Günah, yaptığın bir şey olmak zorunda değildi, başına gelen bir şey de olabilirdi. Ama ne olursa olsun, bu, çocukluğumda aldığım büyük ve kalıcı bir dersti: İyi olmamın mümkün olmadığı bir dünyadaydım. Ve içine fırlatılıp atıldığım çevrenin acımasızlığını ilk kez fark etmemi sağlayan çifte dayak bir dönüm noktasıydı.
O zaman güçlülerin yönettiği bir dünyada güçsüzlere sunulan ahlaki ikilemin ötesini göremiyordum: Kuralları çiğne ya da yok ol.
DEĞERLENDİRME:
Konu: Eserde, yazarın dönemin toplumsal gerçeklerine ve insanlığın temel kavramlarına ilişkin düşüncelerine yer verilmektedir.
Üslup: Orwell’in romanlarında görülen üslubun aynı şekilde kendi düşünce yazılarında da mevcut olduğu görülmektedir.
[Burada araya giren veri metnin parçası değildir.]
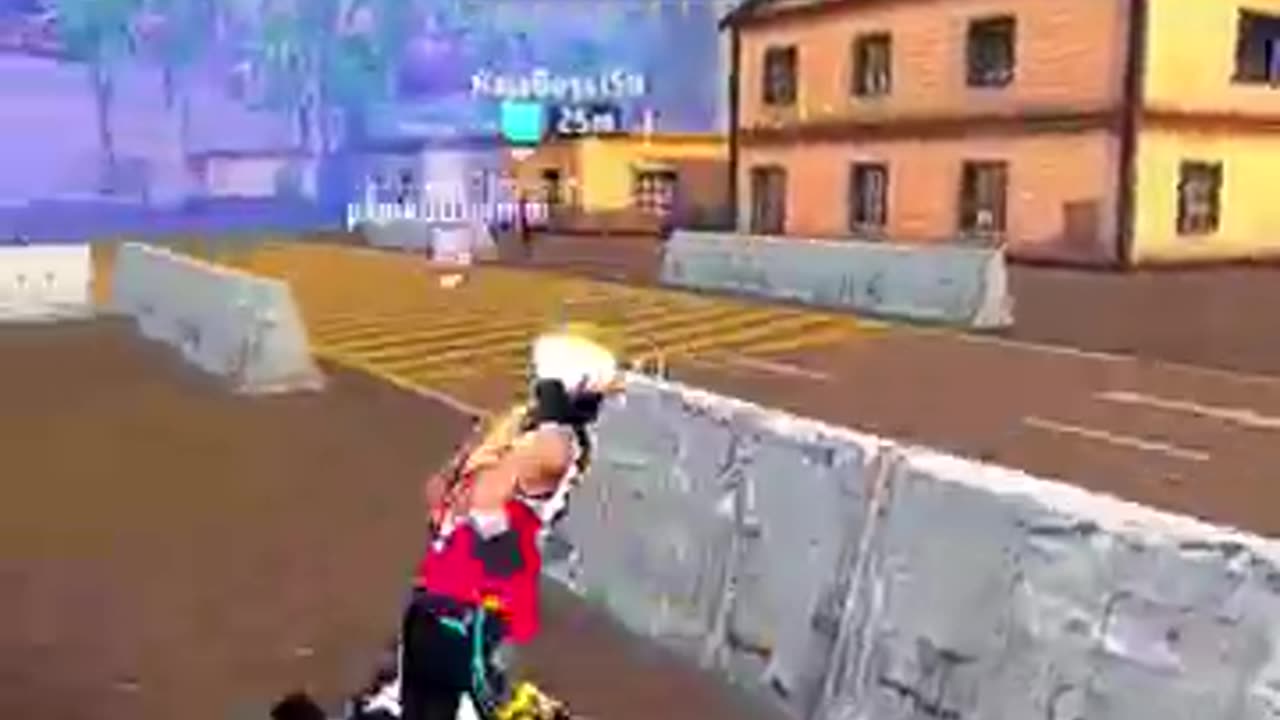 Pls sport me guys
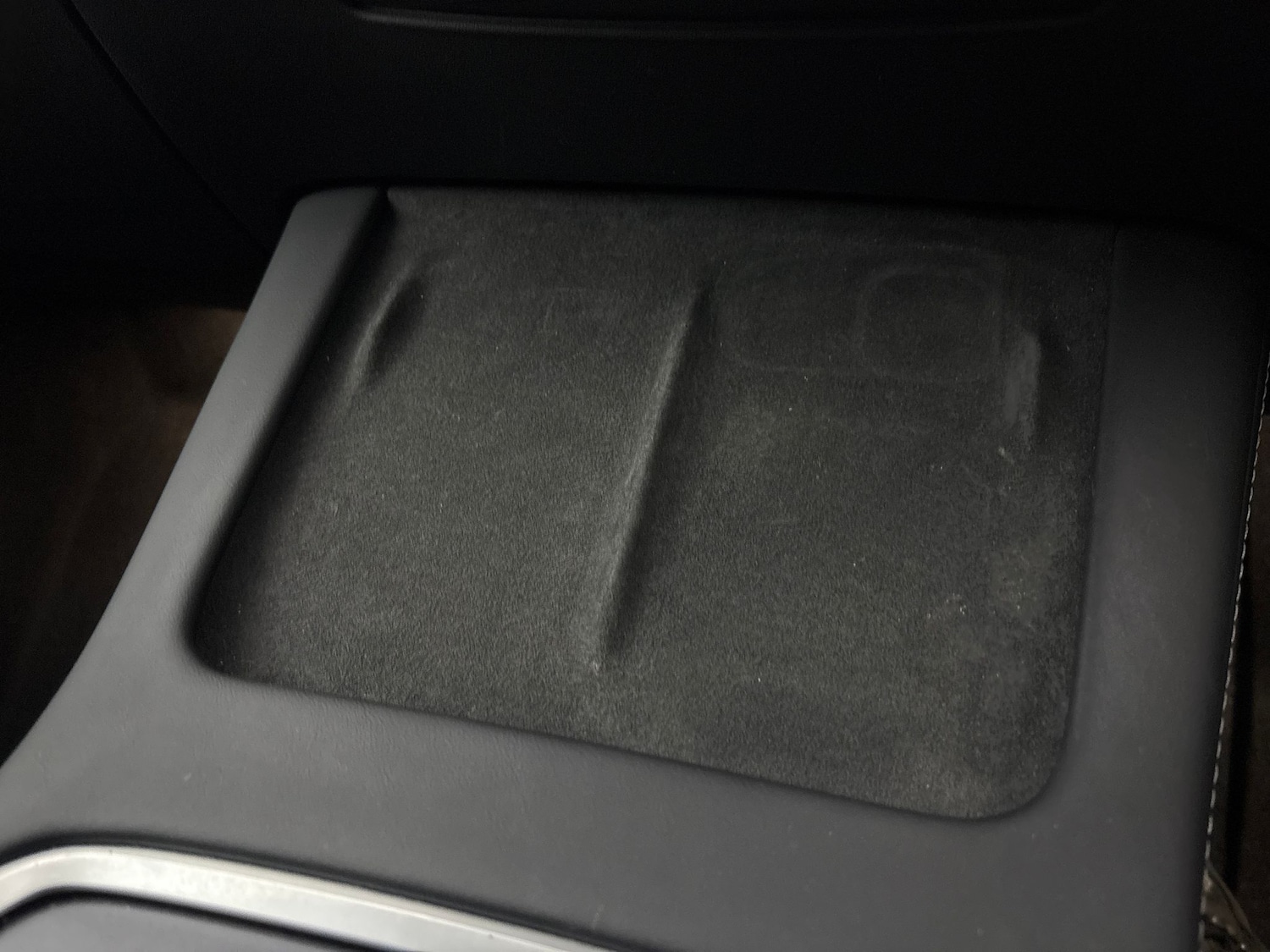 Used Tesla Model Y 2022 for sale - 77617548: Photo 22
Bu durum, yazar ile okuyucu arasında muhabbet ediyormuş hissini uyandırdığı gibi, yazarın düşüncelerinin romanlarda olduğu gibi karakter perdesinin kaldırılarak doğrudan ulaşılabileceği bir eserin meydana getirilmesini sağlamaktadır.
Özgünlük: Eser niteliği itibariyle bu kategoride değerlendirilmeyecektir.
Karakter: Eser niteliği itibariyle bu kategoride değerlendirilmeyecektir.
Akıcılık: Üslup bölümünde ifade edilen hususlara dikkat edildiğinde, eserin türüne göre oldukça sürükleyici bir yapısının olduğu ifade edilmelidir. Yazının düşünce kısımlarının yazarın doğrudan anılarıyla bezenmesi neticesinde okuyucu için bir olay örgüsü oluşma hissiyatının bu unsura müspet yönde büyük bir katkı sağladığının belirtilmesi gerekmektedir.
Genel: Yukarıda belirtilen kriterler uyarınca 10 üzerinden gerçekleştirilen değerlendirmede:
Konu: 8
Üslup: 8,5
Akıcılık: 8
puanlarını alan eserin genel ortalaması ise, 8,2 puandır. Eser, 8 barajının da üzerine geçen ve kesinlikle okunması gereken düşünce yazısı kitaplarından birisi olduğunu göstermektedir.
(*) : Alıntılar başlığındaki bütün kısımlar:
KİTAPLAR VE SİGARALAR
Yazar: George Orwell
Yayınevi: İthaki Yayınları
Baskı: 1. Baskı – Temmuz 2021
kapakta kullanılan fotoğraftaki kitaptan alıntı olarak kullanılmıştır.